1/ To go to work and back. Same route everyday. Not very long. Currently use a
bicycle, but I’ve used mass transit for these very common in-out routes in the
past.

2/ Small local journeys. I can’t collect 6kg of wheat from the local farm with
a bike or a bus. Taxi is viable if I could get them to wait 20 minutes while I
hang around the farm, or perhaps I could use two taxis to get out and back,
which seems wasteful and the market for getting a cab from the country back to
the city is challenging vs the city to countryside version.

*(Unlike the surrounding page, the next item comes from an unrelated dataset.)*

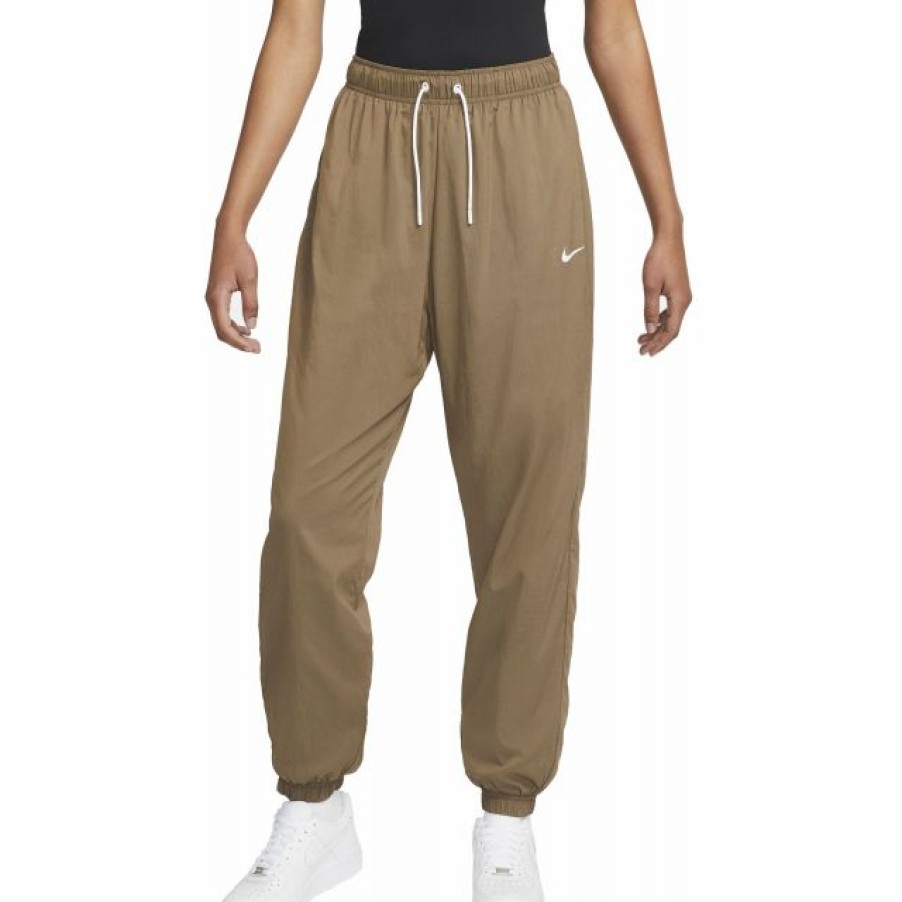 * Pants | Nike Women'S Essential Joggers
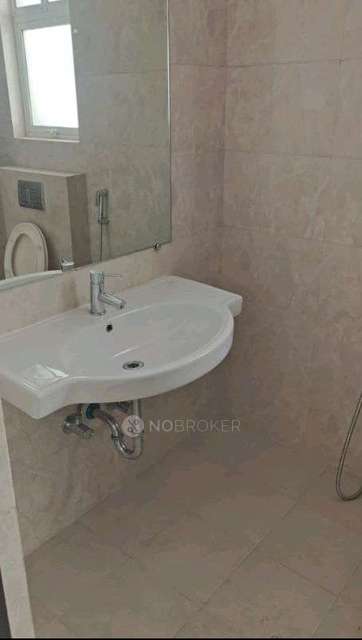 2 BHK Flat In Megapolis Mystic for Rent  In Hinjawadi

3/ Long distance journeys. City to city is easy and pleasant with mass
transit. Harder with a family and luggage, especially if the destination is
not in a town or city. Personal vehicle works well here, and it’s getting more
common to be doing long distance journeys from suburbia to non-city
destinations, for me.

It felt like I could do without a personal vehicle for a long time. I bought a
petrol car five years ago and finally live somewhere where I need it as of two
years ago.

Now that we’re all potentially migrating away from big cities (a real trend I
see, albeit anecdotally) I feel like my ideal fleet of personal vehicles would
be:

a/ big lovely slow commute bicycle

b/ local BEV for cargo

c/ something else for long range

What would be fantastic would be to combine b and c. Something where I could
carry a few kg of 18650s for a 10 mile errand range, and load it up with
1000kg of cells for a 400 mile round trip (or 500kg if my parents would foot
the bill to recharge the long-range incarnation of my mythical modular BEV,
something which feels socially unviable with anything other than trips to see
close family.)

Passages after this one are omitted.